• **SUPPLIED INFORMATION**:
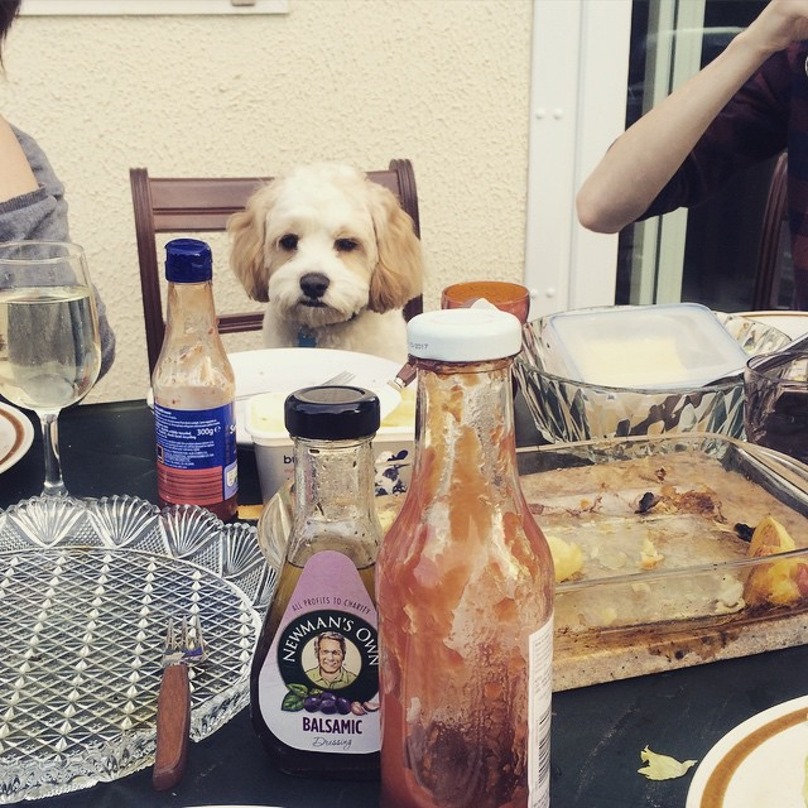 Illustration de l'article : 16 chiens qui n’attendent qu’une seule chose : votre repas !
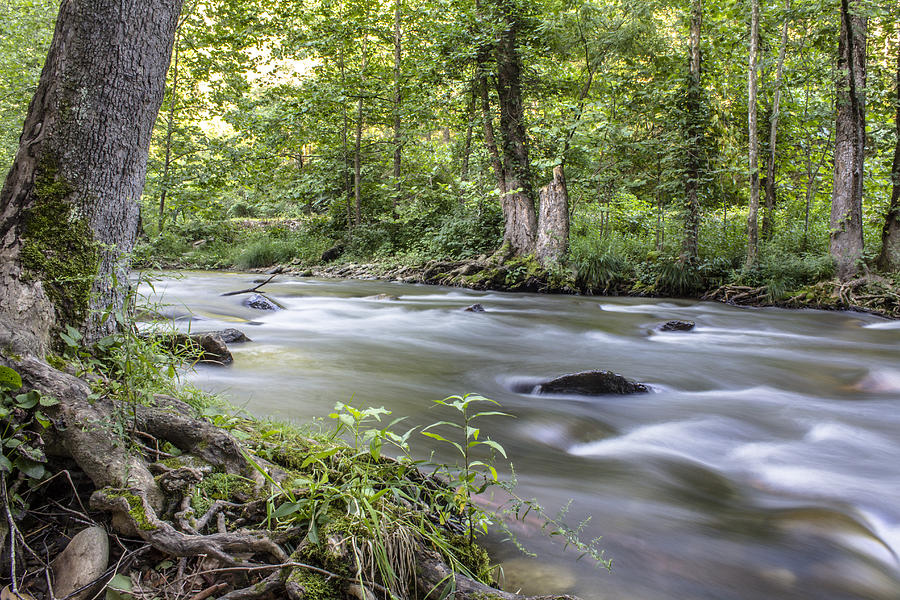 Smoky Mountain River in Summer  Photograph by John McGraw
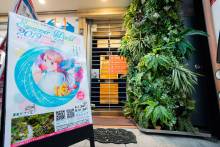 梅雨時期は『Summer World 2019』作品展示へGO♪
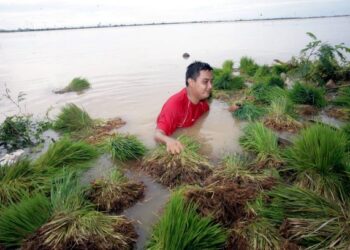 MASALAH banjir ketika musim penanaman adalah antara isu yang sering dihadapi pesawah. – GAMBAR HIASAN/UTUSAN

• **ACTIVITY**:
Give back the material word for word, leaving out its pictures.

• **ANSWER SECTION**:
 Illustration de l'article : 16 chiens qui n’attendent qu’une seule chose : votre repas !
 Smoky Mountain River in Summer  Photograph by John McGraw
 梅雨時期は『Summer World 2019』作品展示へGO♪
 MASALAH banjir ketika musim penanaman adalah antara isu yang sering dihadapi pesawah. – GAMBAR HIASAN/UTUSAN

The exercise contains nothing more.